Wer Immobilien besitzt, für den sind die in der Regel auch
eine wichtige materielle Absicherung. Und deswegen ist es unerlässlich,
diese zu versichern. Und je nach Region und Finanzierung des
Wohngebäudes ist die Versicherung auch Pflicht.

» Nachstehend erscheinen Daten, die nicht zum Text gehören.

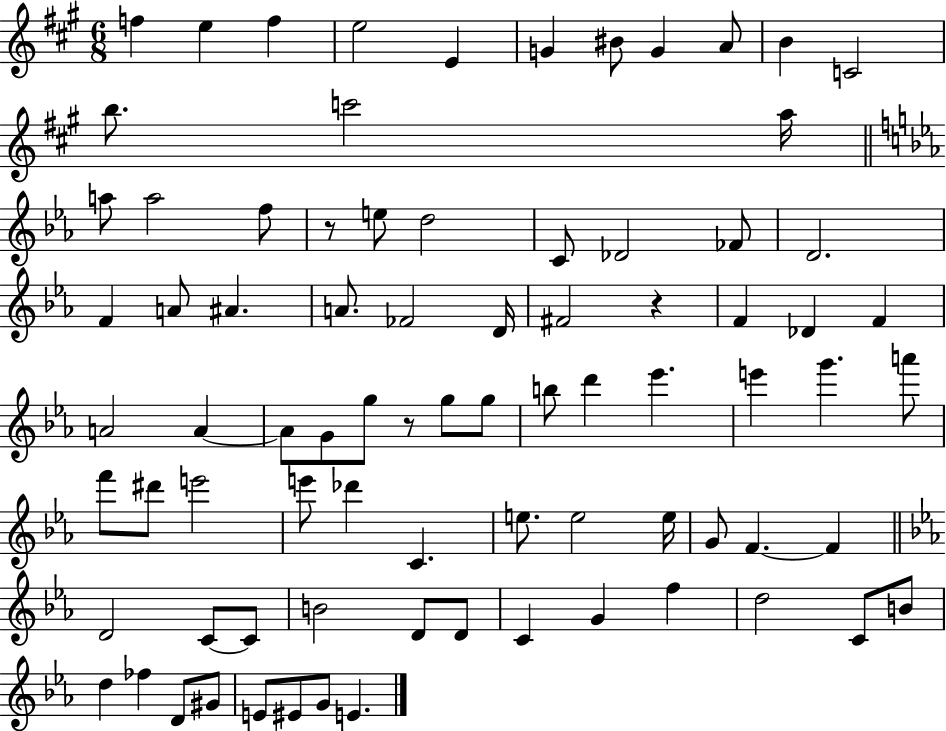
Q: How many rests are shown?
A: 3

Vielerorts wird sie vom Gesetzgeber vorgeschrieben, fast überall
muss sie vorweisen, wer ein Gebäude mit der Bank finanzieren
will. Versichert werden kann eine Vielzahl von Einzelgefahren,
auch wenn der Abschluss in der Regel im Paket erfolgt. Als
Standard sind typische Gefahren zu nennen:
Im Paket zu versichern ist nicht nur übersichtlicher,
es ist meist auch lukrativer: Pakete werden etwa mit Zusatzangeboten
schmackhaft gemacht. So kann man sich Mietausfälle bezahlen
lassen, oder Ersatzunterkünfte finanziert bekommen. Auf der
Hand liegen die wesentlichen Faktoren für die Höhe der Versicherungsbeiträge:
Die Region, in der das Gebäude steht, spielt eine wesentliche
Rolle. Liegt es im Sturmgebiet? Können Überschwemmungen auftreten?
Das sind in Deutschland die wesentlichen Umweltgefahren. Auch das
Haus selbst wird beurteilt. Zum Einen muss der Wert des
Gebäudes jährlich anhand eines Index neu bestimmt werden. Von
zentraler Bedeutung ist aber die Frage, wie sicher das Gebäude
an sich ist. Handelt es sich um ein Massiv- oder gar ein Holzhaus?
Ist das Dach hart gedeckt? Erst, wenn das geklärt ist, kann
man eine seriöse Schätzung der Versicherungskosten erwarten.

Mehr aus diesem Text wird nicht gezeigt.